Q: Can you categorize Rosalie?
A: I can understand people have to do marketing, but I certainly don't think of her that way. She's Rosalie. She performs, she sings, she talks, she tells stories, poems. The songs are very different. Clearly some of them have more of a country feeling, but no, I don't really think of her fitting into some category.

Q: How do you feel about her storytelling?
A: I never tire of it. You can imagine how many times I've heard some of these stories and they're always different. They're always very tuned in to the mood of the evening, the mood of the audience and I'm also mesmerized by her technique, just watching someone tell a story, that timing is always like to the split second, perfect in her delivery, so I never tire of hearing them.
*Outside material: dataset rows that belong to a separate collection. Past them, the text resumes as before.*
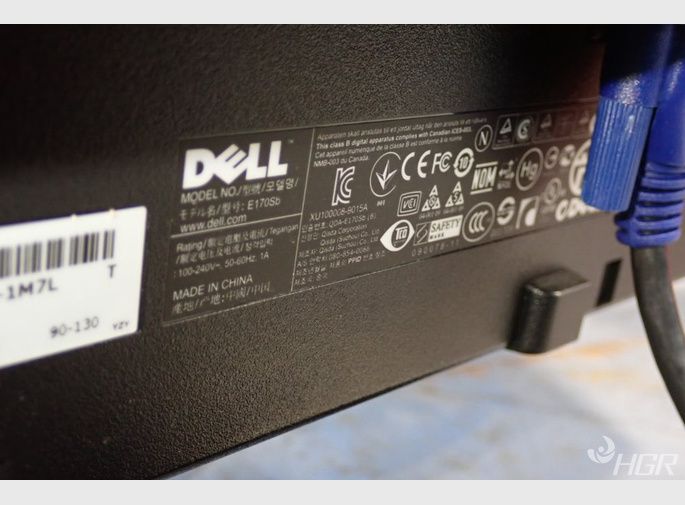 Dell Computer Monitor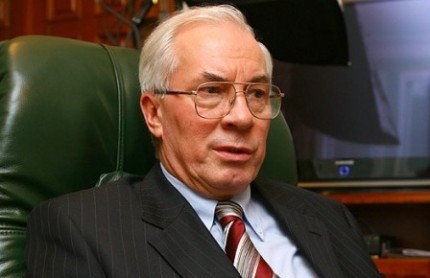 Ukraine PM has resigned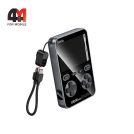 Power Bank Hoco 10000 mAh Q47 с игровой консолью, черный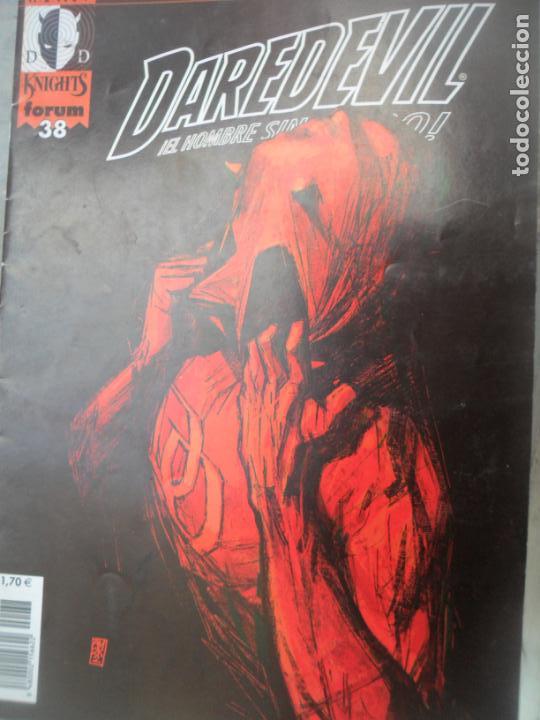 C&oacute;mics: DAREDEVIL N&ordm; 38 - MARVEL KNIGHTS- - Foto 1
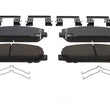 Load image into Gallery viewer, Baer Brake Systems D1509 fits 2011-2013 Infiniti QX56 / 2014-2022 Infiniti QX80 - Side View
Q: What was it like to get word about the Grammy nomination?
A: I was just thrilled for Rosalie. Millions of people have heard her and enjoyed her but to the extent that she hasn't had the commercial success, that was an affirmation of her standing in the music community. I'm really happy for her.

Q: What is it like being up on stage with her?
A: It's great fun. She is very interactive. Being up on stage with her is great fun. She's listening to the musicians all the time, making eye contact. She loves to have the interplay. Especially people reacting, answering her vocal lines with her instruments.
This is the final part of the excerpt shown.